KeywordsTranscription Start Site Elongation Rate Biological Repeat Initiation Frequency OPA1 Gene
Gene transcription is a multistep process consisting of recruitment of RNA polymerase II (Pol II) to promoters, transcription initiation, elongation, and termination. In addition to producing RNA polymers based on the DNA template, the Pol II holoenzyme also regulates numerous RNA processing events, including 5′ cap formation, splicing, polyadenylation, and RNA transport [1, 2, 3, 4, 5, 6, 7].
While historically most studies focused on understanding how promoter binding and transcription initiation are regulated, recent studies have shown that additional stages of the transcription process are also tightly regulated and are critical for gene activation. These studies have demonstrated that binding of Pol II to gene promoters is not sufficient for productive transcription. Instead, in the majority of genes Pol II is partly ‘paused’ 20 to 60 nt from the transcription start site (TSS), and several regulated steps are needed in order for Pol II to depart from the TSS and transcribe the rest of the gene [8, 9, 10, 11, 12, 13, 14, 15].

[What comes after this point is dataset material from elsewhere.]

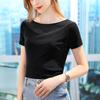 Camiseta de manga corta de seda brillante para mujer, novedad de 2024, sexy, con costuras de malla, estilo occidental, elegante, con hombros descubiertos.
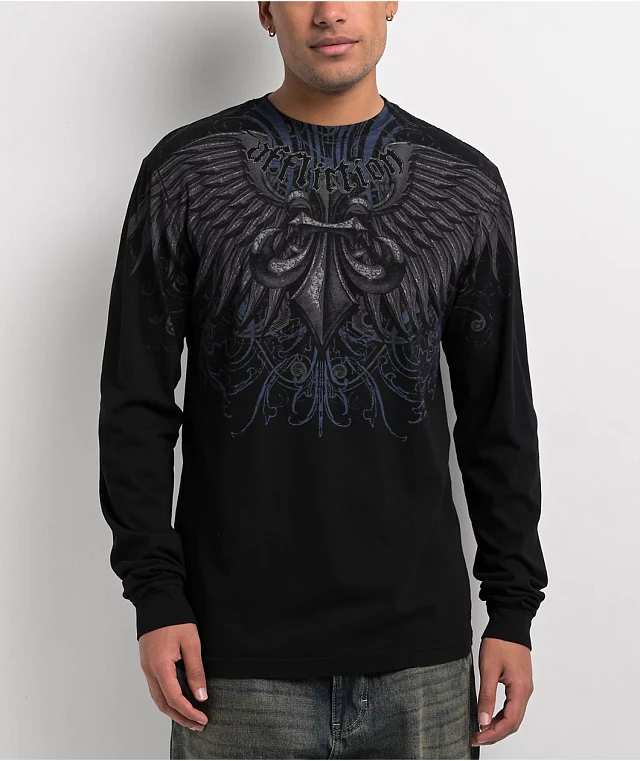 Affliction Angels Black Long Sleeve T-Shirt | Arden Fair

The rate of Pol II movement through gene bodies has also been linked to various aspects of co-transcriptional RNA processing. For example, changes in transcription elongation rates can affect the outcome of the splicing machinery [7, 16, 17], and slow elongation by Pol II was shown to enhance the inclusion of specific weak exons ; in support of this notion, Pol II was found to accumulate at exons [18, 19, 20]. Likewise, the rate of elongation by Pol II has been linked to regulation of alternative polyadenylation ; indeed, Pol II accumulates at polyadenylation sites .
The importance of steps subsequent to transcriptional initiation is also underscored by the impact of misregulation of these steps on cellular and organismal viability. For example, many of the MLL gene translocation partners, thought to drive aggressive acute leukemia, are part of the super elongation complex (SEC). Leukemia-associated MLL fusion proteins relocalize the SEC to MLL target genes, bypassing normal transcriptional control and causing aberrant expression of those genes . Similarly, excessive c-Myc was suggested to augment gene expression by increasing the release of paused Pol II and thus facilitating active elongation, thereby alleviating rate-limiting constraints on tumor cell growth and proliferation . Furthermore, viruses utilize or modify transcription elongation-related processes to their benefit. For example, the influenza A NS1 protein comprises a histone-like sequence that can target the PAF1 elongation complex, enabling selective modulation of host cell gene expression and contributing to suppression of the antiviral response . In addition, during active HIV-1 infection, viral transactivator of transcription (Tat) recruits the SEC to the HIV-1 long terminal repeat (LTR) to activate expression of the provirus in host cells [25, 26, 27]. Thus, better elucidation of the regulation of transcriptional elongation could contribute to the understanding of molecular mechanisms of disease, and even suggest novel therapeutic approaches.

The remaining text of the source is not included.